Quote from: cloudscapes on September 12, 2010, 07:46:22 PM

I'm kinda pushing the chip's limits right now, and the additional functions I want to add will bog it down even further (meaning less khz), so I ordered an xmega kit which will be MUCH beefier! Only problem is that they're surface-mount only. But the advantages are nice! 32mhz (some people push it to 40 with no stability problems), it's supported by my compiler so porting will be easy, direct memory access, more faster memory, longer loop times, etc! I'll aim for 12bit 22khz top speed.


Did you ever start working with the XMEGA kit? I was looking for inexpensive controllers with larger memory sizes and the XMEGA chips look really good. They also have cheap eval boards, although I'm not sure how you'd use an external audio codec with one.

Thanks,

--Will

cloudscapes

Quote from: hoopshot on October 26, 2010, 04:29:45 PM
Did you ever start working with the XMEGA kit?
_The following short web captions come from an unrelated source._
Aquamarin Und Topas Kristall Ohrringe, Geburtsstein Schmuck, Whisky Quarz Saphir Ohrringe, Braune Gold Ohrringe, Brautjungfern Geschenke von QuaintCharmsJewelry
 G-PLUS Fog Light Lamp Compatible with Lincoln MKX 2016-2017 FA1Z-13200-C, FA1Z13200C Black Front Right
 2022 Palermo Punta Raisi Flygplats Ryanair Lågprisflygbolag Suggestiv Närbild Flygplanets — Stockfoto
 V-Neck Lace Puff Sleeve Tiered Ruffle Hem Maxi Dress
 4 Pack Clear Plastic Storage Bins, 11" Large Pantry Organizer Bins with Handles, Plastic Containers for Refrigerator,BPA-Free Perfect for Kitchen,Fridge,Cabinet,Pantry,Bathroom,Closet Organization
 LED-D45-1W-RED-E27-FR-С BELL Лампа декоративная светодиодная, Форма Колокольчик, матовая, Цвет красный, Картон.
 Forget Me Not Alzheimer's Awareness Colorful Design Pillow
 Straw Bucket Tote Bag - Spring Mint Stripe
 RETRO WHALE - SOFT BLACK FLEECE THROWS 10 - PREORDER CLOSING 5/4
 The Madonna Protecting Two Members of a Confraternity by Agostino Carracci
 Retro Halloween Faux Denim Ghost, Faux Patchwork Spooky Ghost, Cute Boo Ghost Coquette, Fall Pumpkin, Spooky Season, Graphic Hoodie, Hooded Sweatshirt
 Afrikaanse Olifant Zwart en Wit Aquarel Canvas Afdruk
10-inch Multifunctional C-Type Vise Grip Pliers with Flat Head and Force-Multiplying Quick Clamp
I was looking for inexpensive controllers with larger memory sizes and the XMEGA chips look really good. They also have cheap eval boards, although I'm not sure how you'd use an external audio codec with one.

Thanks,

--Will

hi Will

I haven't really done anything with the xmega kit aside from making sure I could compile code for it and get a blinking light going. in any case, the compiler and language/environment I use doesn't yet support every feature so it's not yet worthwhile for me. stuff like DMA (though preliminary support was added a couple days ago), and the internal DACs.

so for now, I'm going to finish my looper/sampler with the "lesser" chip.

I haven't looked into how well the xmega will handle 24bit codec chips.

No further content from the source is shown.